The Fed created Mr. Small's unit in 1989 when the Bank of Credit and Commerce International scandal surfaced. Examiners contact his unit whenever they detect suspect transactions that could be part of a money- laundering scheme.

For example, an examiner recently notified him that a bank had an account with scores of large deposits and withdrawals. Mr. Small dispatched an investigator to determine what was happening. "We dig around and do background checks on the account holders," he said.

It wasn't always like this. Before 1991 the Fed would notify other law enforcement agencies of the trouble and then basically ignore it.

"Now we report it and look at it ourselves," he said. "The cops have so much to do that if we can find out what is wrong and package it for them, then it is a lot less work to bring it to prosecution."

He began the unit solo. In fact, he was also expected to help litigate enforcement actions. "The Fed didn't think it would be a full-time job," he said.

Eight years later, Mr. Small still finds himself working on BCCI-related cases. He was intimately involved in preparing fraud charges against former top BCCI official Ghaith R. Pharaon, who was fined $37 million by the Fed in February. All told, his unit has sought to recover nearly $1 billion for BCCI victims.
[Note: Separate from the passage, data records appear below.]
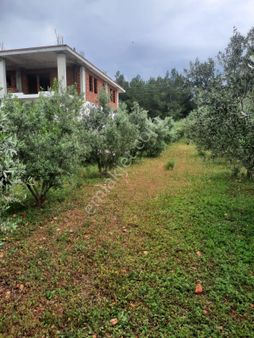 Kaş Kınık'ta Satılık Arazi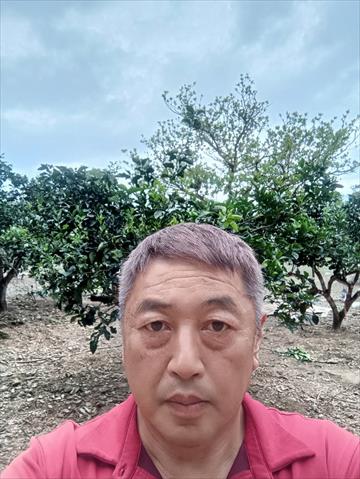 生產者圖片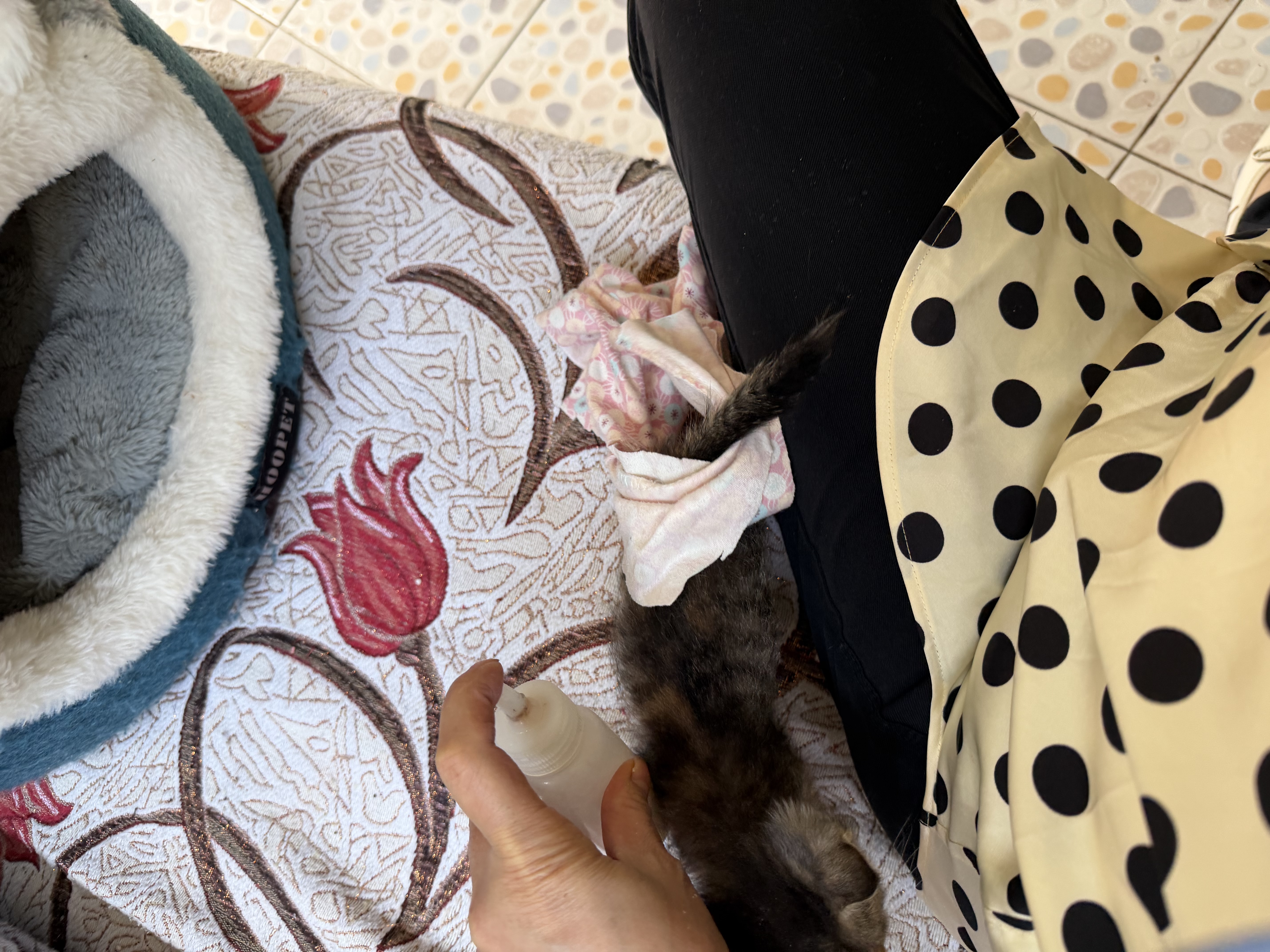 萌宠之星猫高蛋白羊奶粉0乳糖羊奶粉300g幼猫奶粉新生猫羊奶粉宠物羊奶粉 实拍图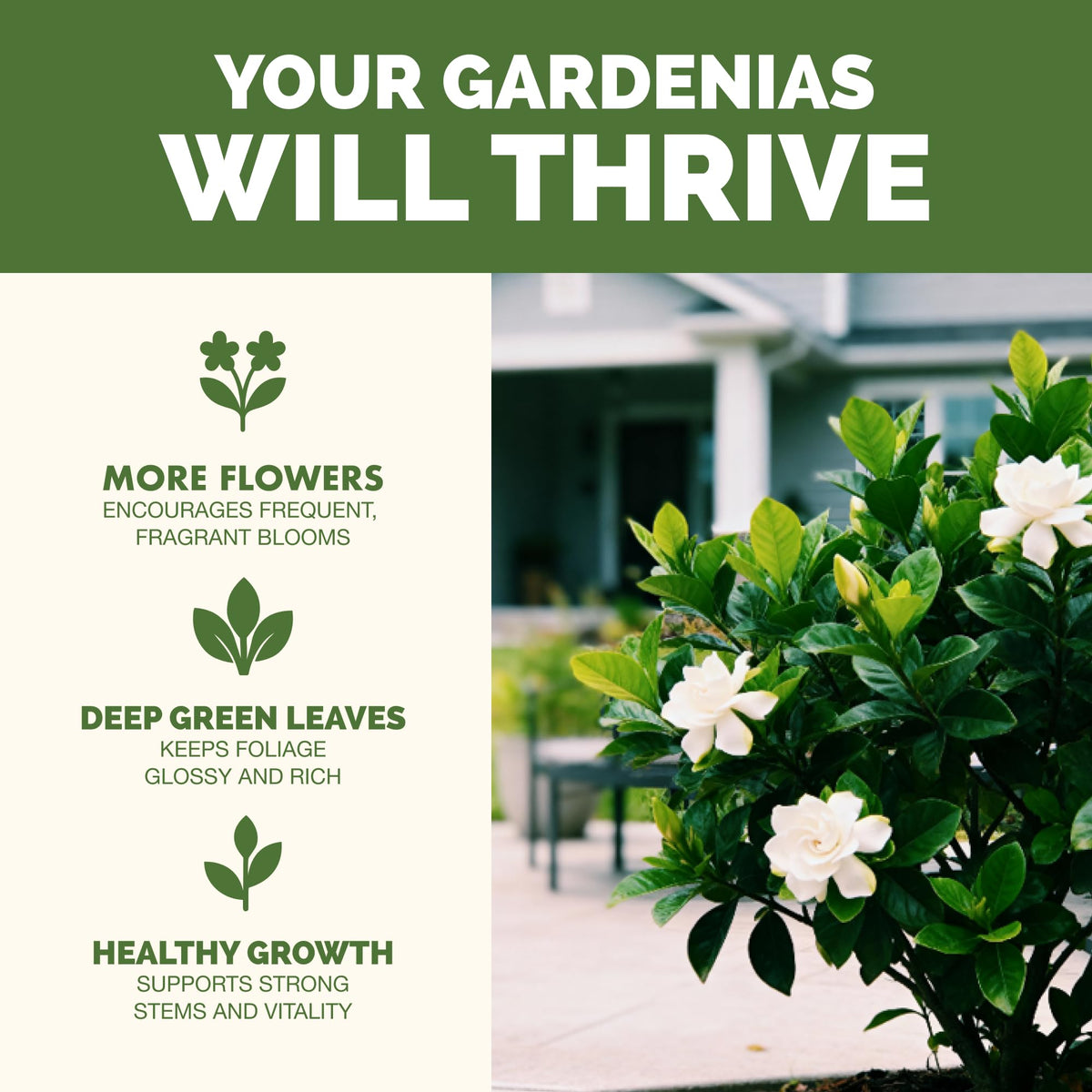 TPS NUTRIENTS Gardenia Fertilizer green leaves shine with balanced nutrients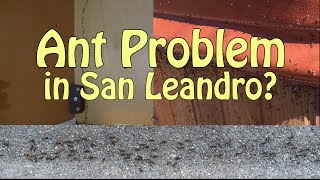 San Leandro Ant Control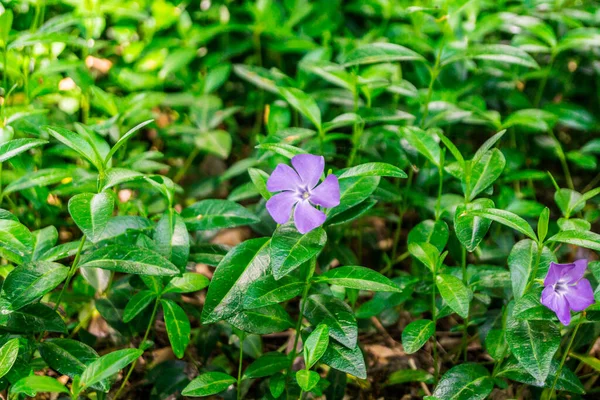 Periwinkle Plant Green Leaves Purple Flowers — Stockfoto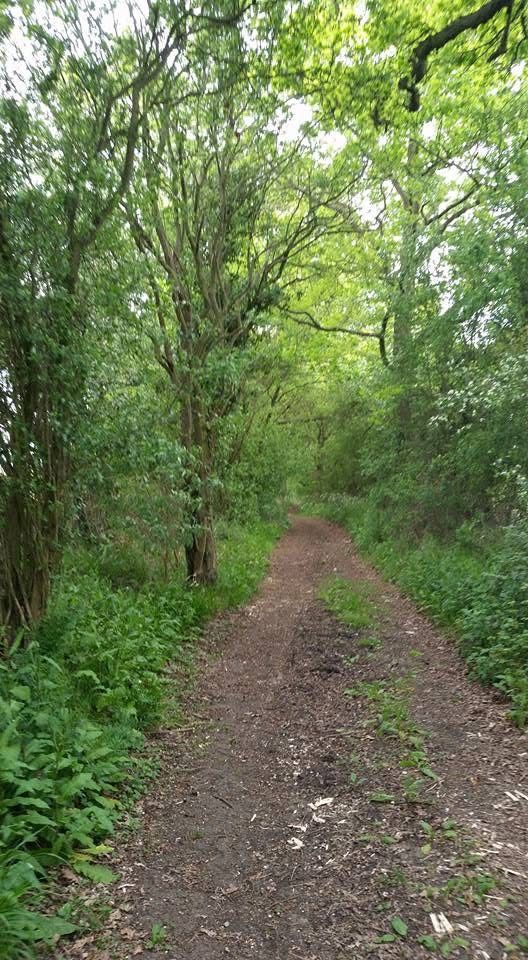 Path through trees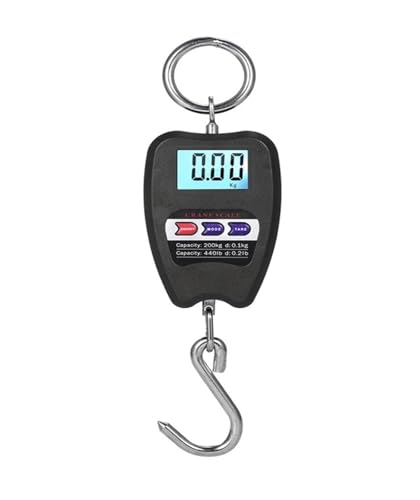 Balance suspendue industrielle 200 kg avec crochet en acier inoxydable robuste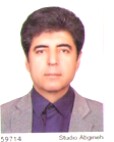 دکتر عیسی حمدی پور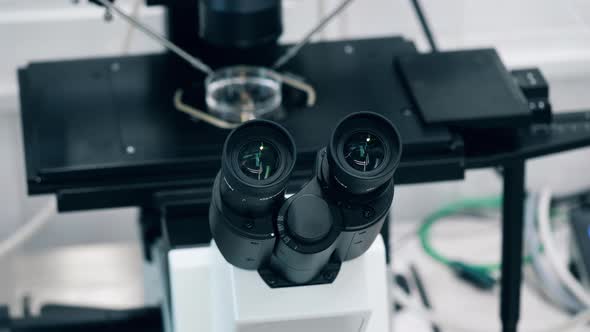 Ocular Lenses of a Microscope During Research alt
Mr. Small has worked for a variety of government agencies since graduating from Hofstra University law school in 1980. He began prosecuting price-fixing and bid-rigging cases in the antitrust division at the Justice Department before taking over the organized crime unit in the department's Los Angeles office. He spent a year as acting deputy assistant Treasury secretary for law enforcement before joining the Fed in 1989.